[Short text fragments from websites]
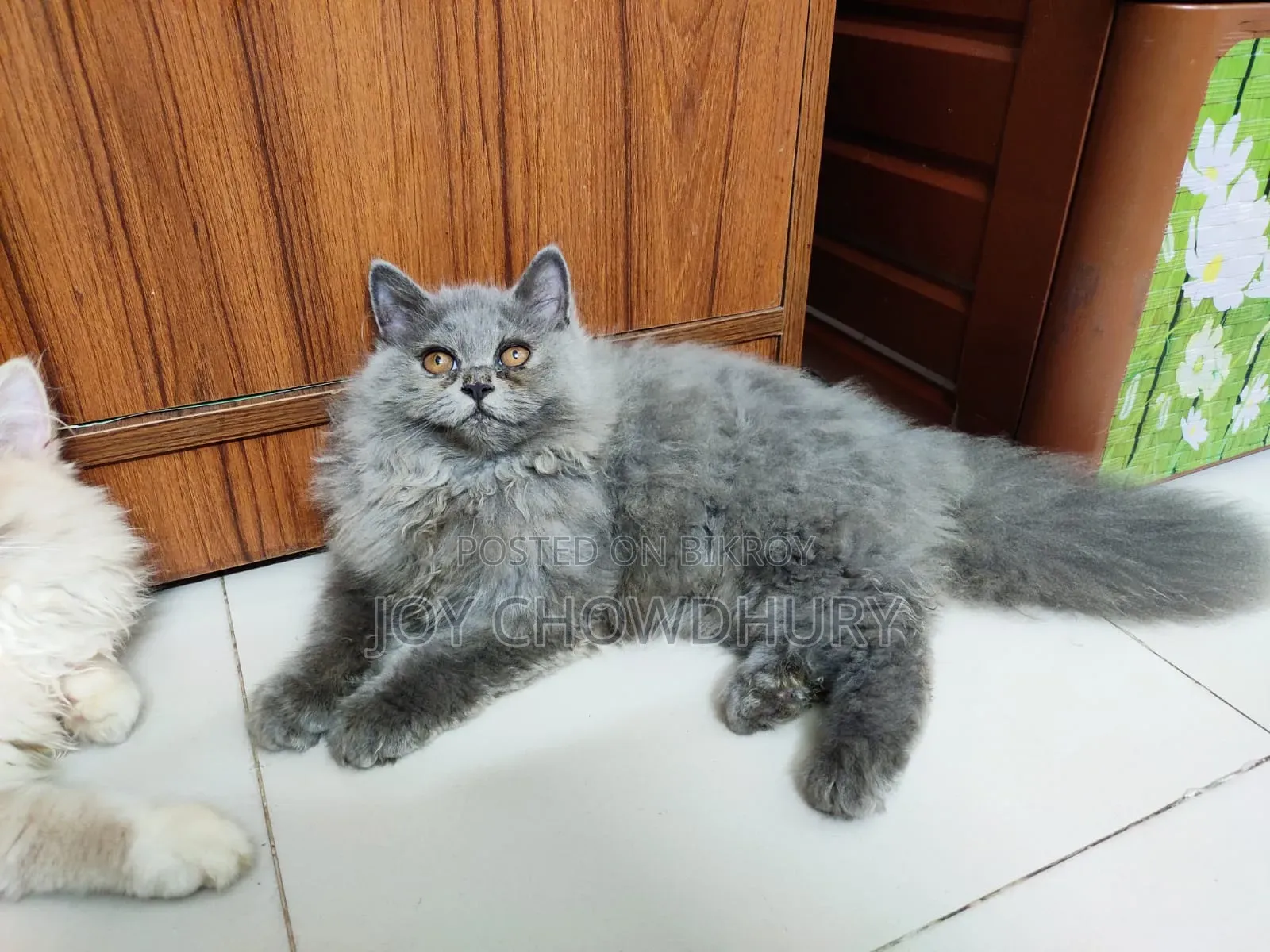 1-3 Months Male Purebred Persian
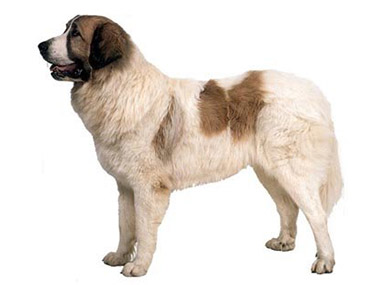 pirinejski mastif pas cuvar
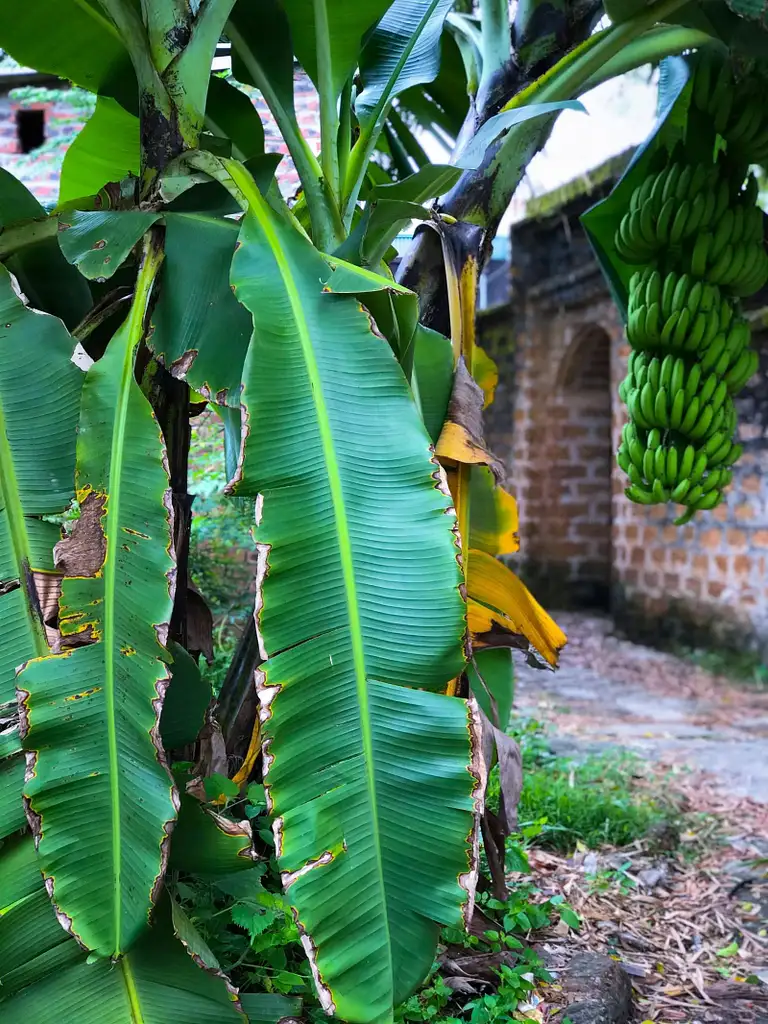 Full-day Duong Lam Ancient Village Tour | From Hanoi | Private Tour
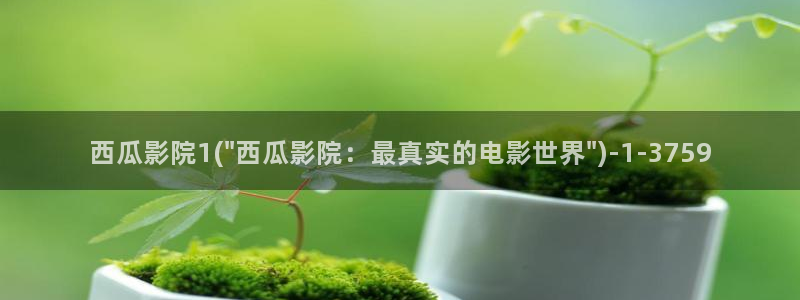 亲爱的妈妈西瓜影院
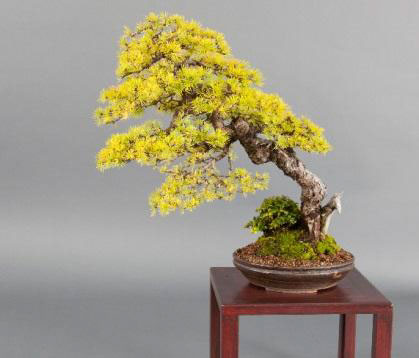 Larix laricina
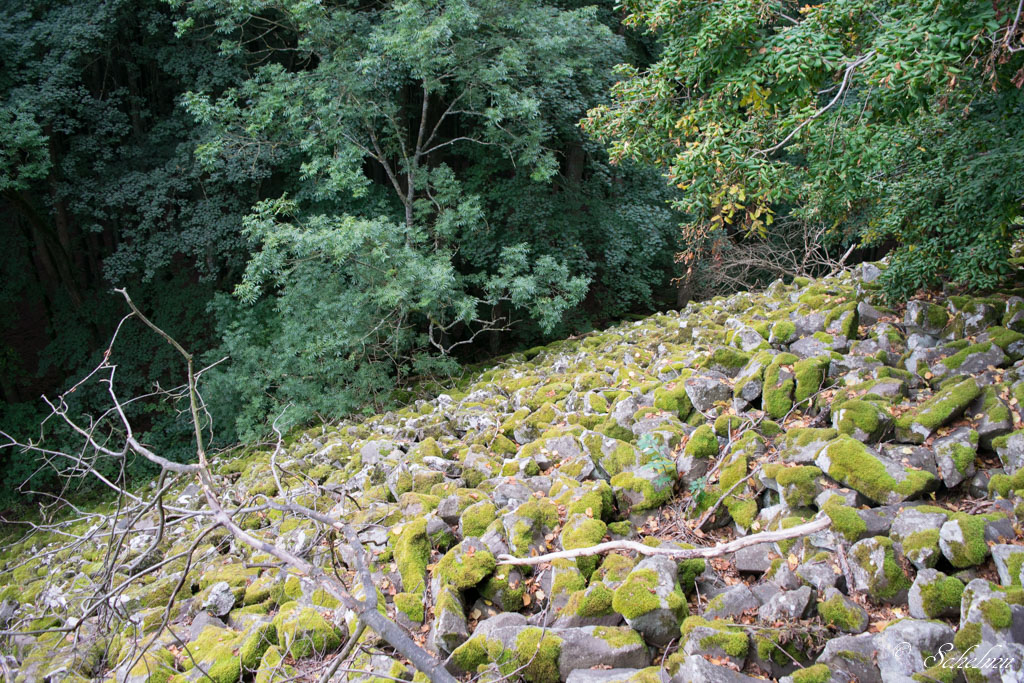 ehemaliger Vulkan, "Großer Stein" Burbach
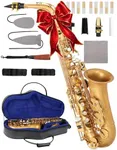 AKLOT Handcrafted E-Flat Alto Saxophone: Matte Gold Brass Body with Warm, Rich Tone, Secure Air Seal, Smooth 23-Key System, Includes Reeds Premium Leather Case & Saxophone Cleaning Kit (CH-EG)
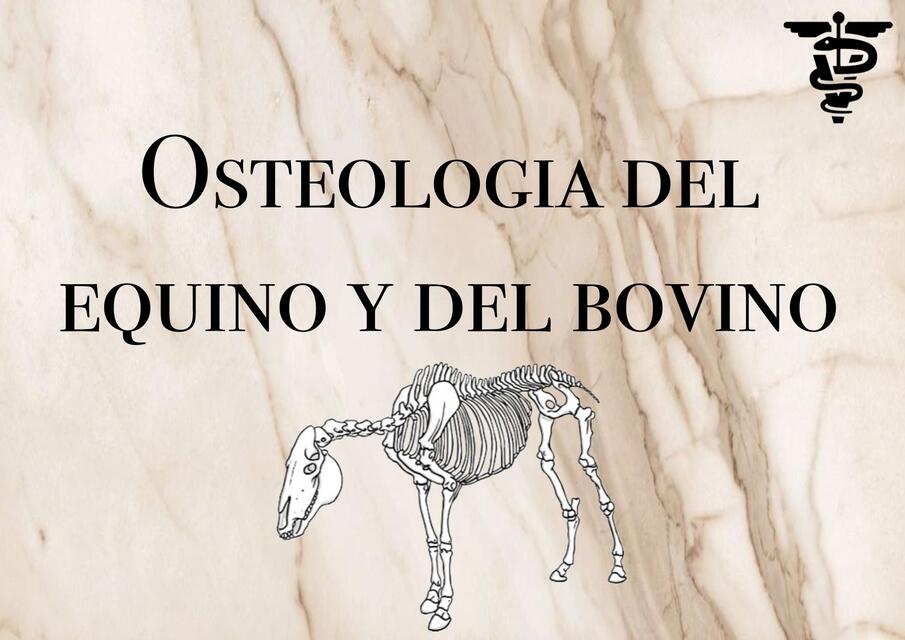 Osteología del Equino y del Bovino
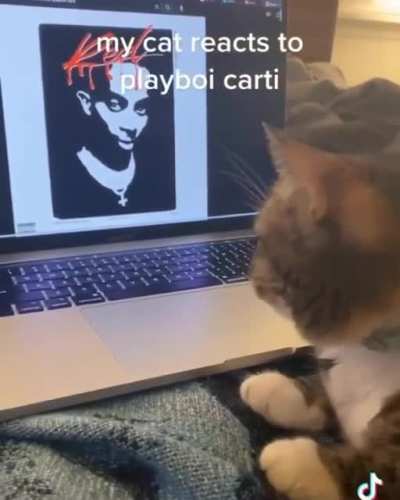 Ca(r)t (ule)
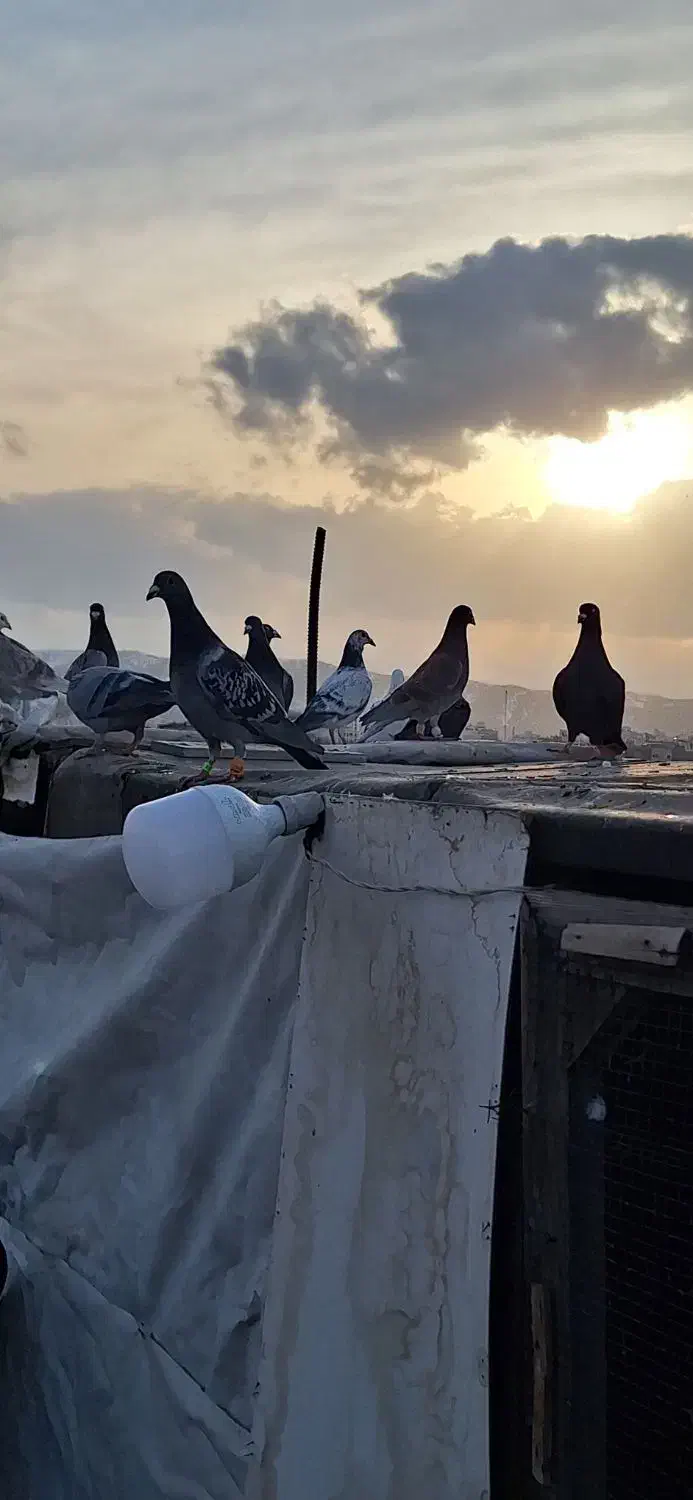 کبوتر بومب|پرنده|مشهد, تربیت (صدف)|دیوار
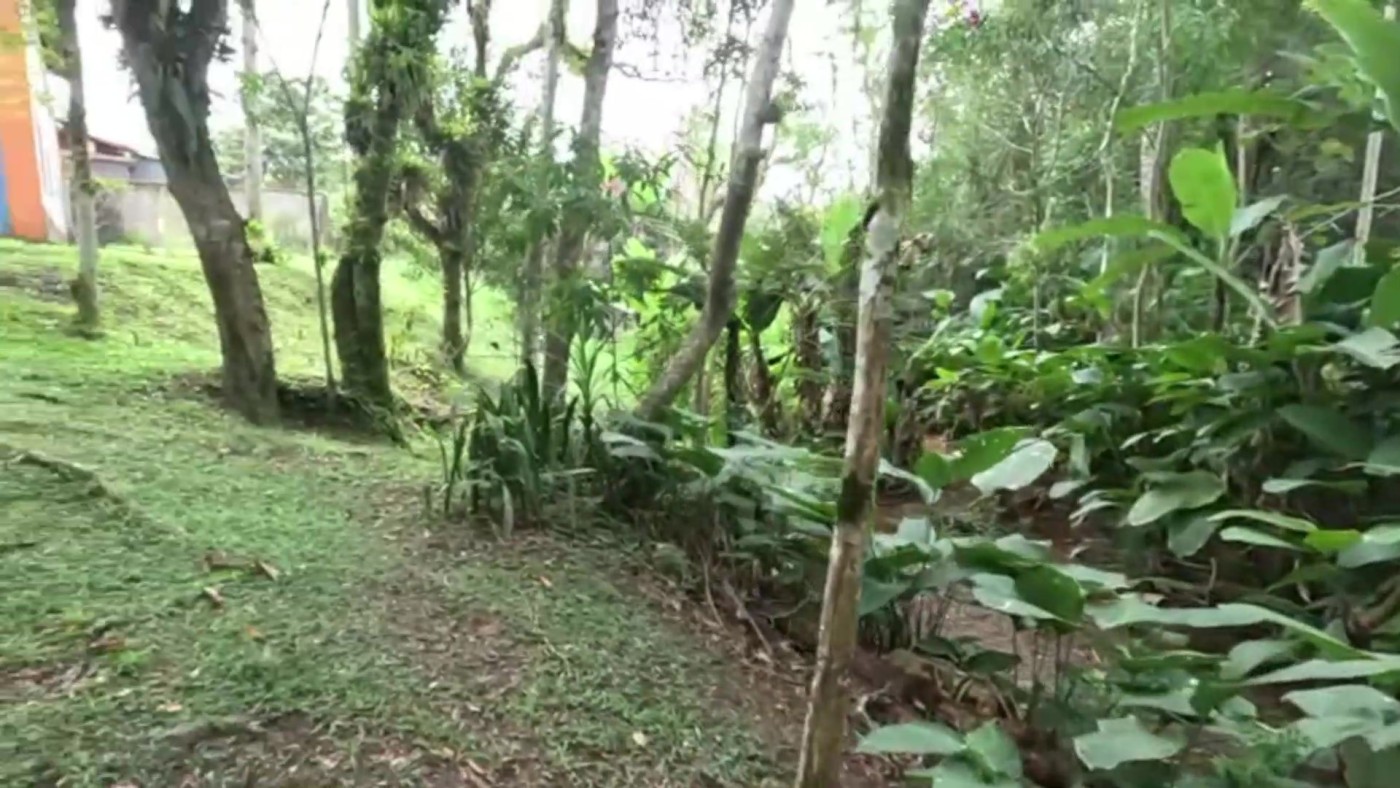 Casa de Condomínio à venda com 3 quartos, 1500m² - Foto 3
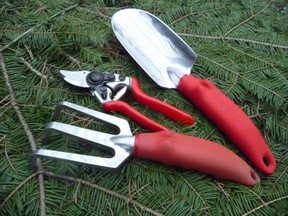 If you are you a lazy gardener and cannot seem to find tools in the spring, then organize your equipment so that everything is handy when you want it, writes columnist Denzil Sawyer.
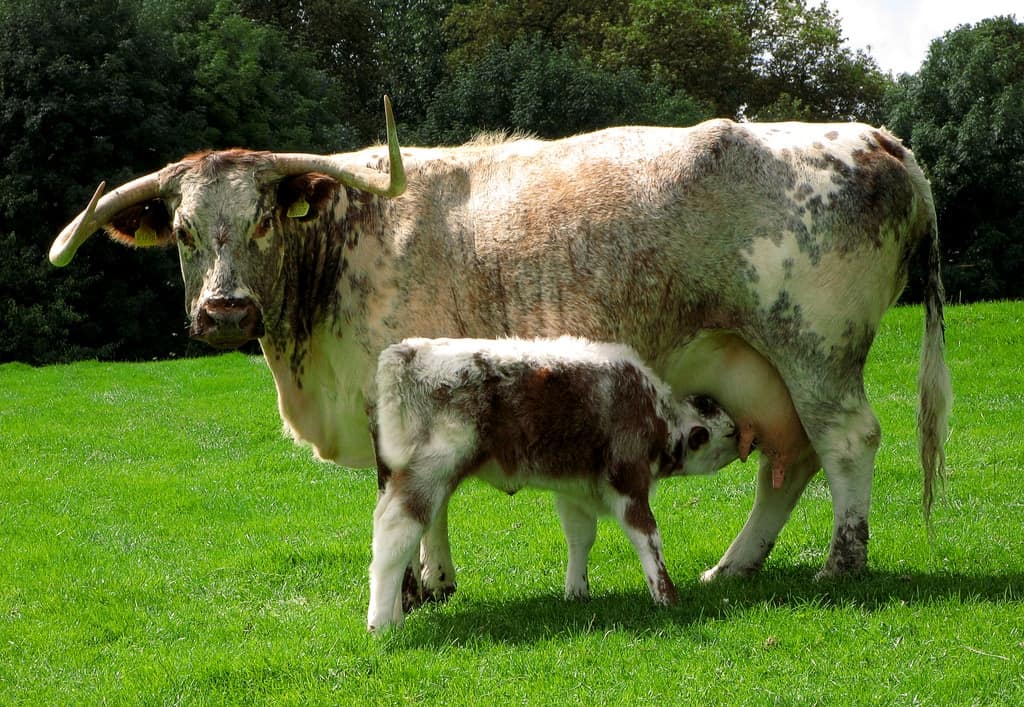English Longhorn cow and calf
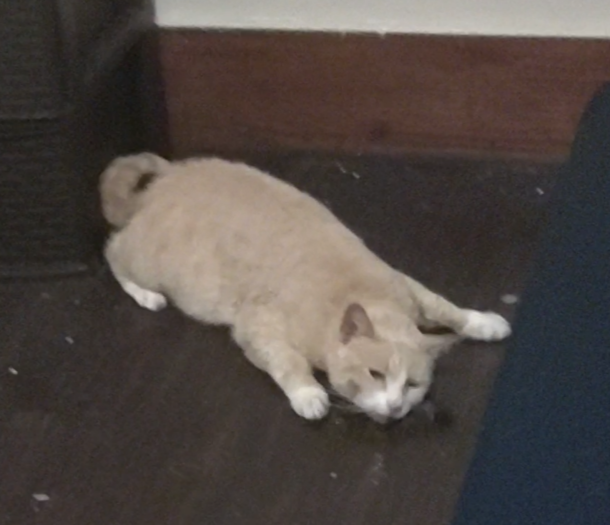 You may be high but are you my cat on cat weed high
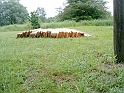20100604 013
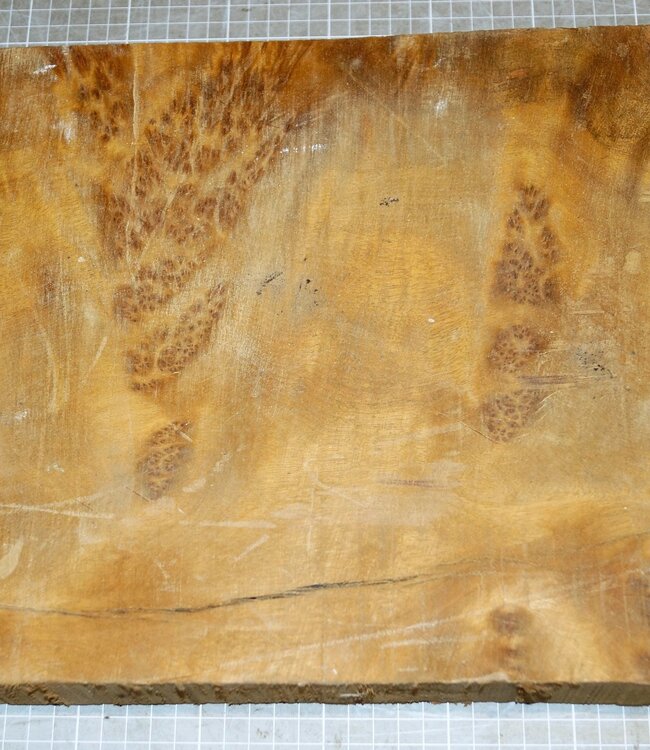 Golden Madrone Maser ca. 411 x 290 x 46 mm, 4,6 kg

#### PROBLEM REQUIREMENTS:
Apart from the pictures, set down all the entries above exactly.

#### RESULT FOR THIS TASK:
 1-3 Months Male Purebred Persian
 pirinejski mastif pas cuvar
 Full-day Duong Lam Ancient Village Tour | From Hanoi | Private Tour
 亲爱的妈妈西瓜影院
 Larix laricina
 ehemaliger Vulkan, "Großer Stein" Burbach
 AKLOT Handcrafted E-Flat Alto Saxophone: Matte Gold Brass Body with Warm, Rich Tone, Secure Air Seal, Smooth 23-Key System, Includes Reeds Premium Leather Case & Saxophone Cleaning Kit (CH-EG)
 Osteología del Equino y del Bovino
 Ca(r)t (ule)
 کبوتر بومب|پرنده|مشهد, تربیت (صدف)|دیوار
 Casa de Condomínio à venda com 3 quartos, 1500m² - Foto 3
 If you are you a lazy gardener and cannot seem to find tools in the spring, then organize your equipment so that everything is handy when you want it, writes columnist Denzil Sawyer.
English Longhorn cow and calf
 You may be high but are you my cat on cat weed high
20100604 013
 Golden Madrone Maser ca. 411 x 290 x 46 mm, 4,6 kg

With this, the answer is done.